→ **TASK**
Set down, exactly and only, everything from the line containing "Thumbnail: 2024 Toyota Camry - 11" down to the line containing "Внедорожник / Кроссовер" in the data below; the pictures are not part of the copy.

→ **DATA TO EXAMINE**

┄┄┄┄┄┄┄┄┄┄

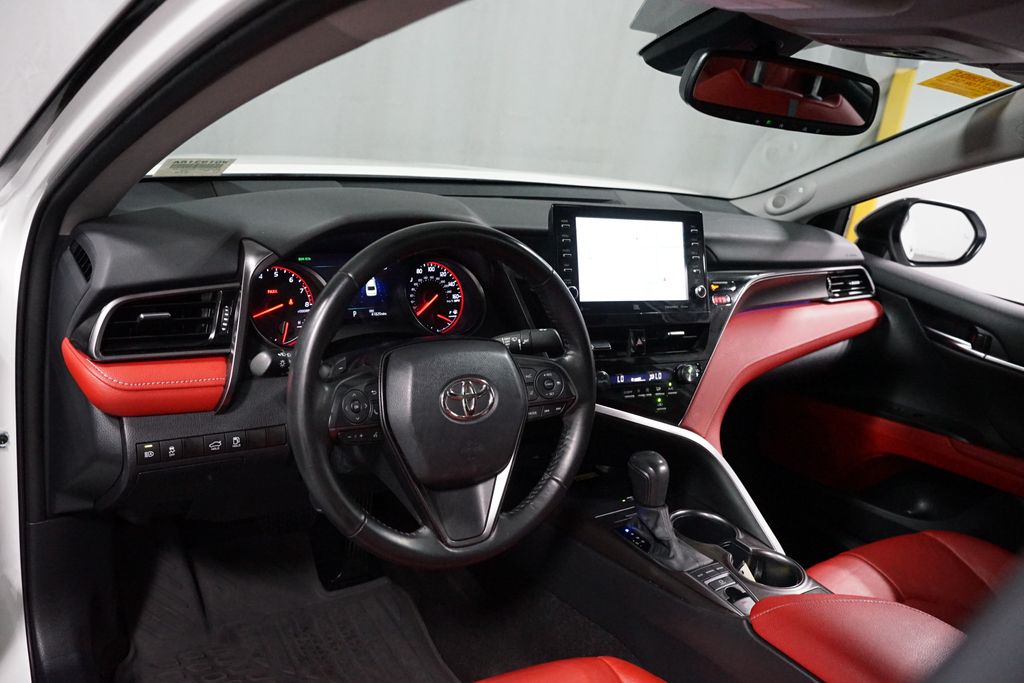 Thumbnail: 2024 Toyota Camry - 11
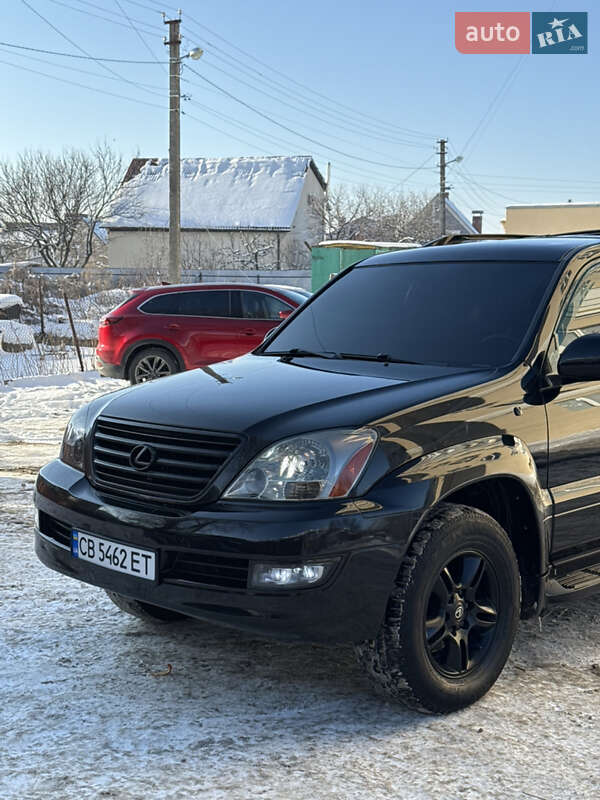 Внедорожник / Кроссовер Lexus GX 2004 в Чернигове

┄┄┄┄┄┄┄┄┄┄

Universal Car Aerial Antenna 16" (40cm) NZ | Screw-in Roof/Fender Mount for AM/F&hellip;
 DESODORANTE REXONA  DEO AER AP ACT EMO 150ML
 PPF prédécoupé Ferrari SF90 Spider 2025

┄┄┄┄┄┄┄┄┄┄

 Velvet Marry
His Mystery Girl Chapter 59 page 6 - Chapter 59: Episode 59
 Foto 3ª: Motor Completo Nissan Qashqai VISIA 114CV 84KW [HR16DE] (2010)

┄┄┄┄┄┄┄┄┄┄

→ **RESPONSE**
 Thumbnail: 2024 Toyota Camry - 11
 Внедорожник / Кроссовер Lexus GX 2004 в Чернигове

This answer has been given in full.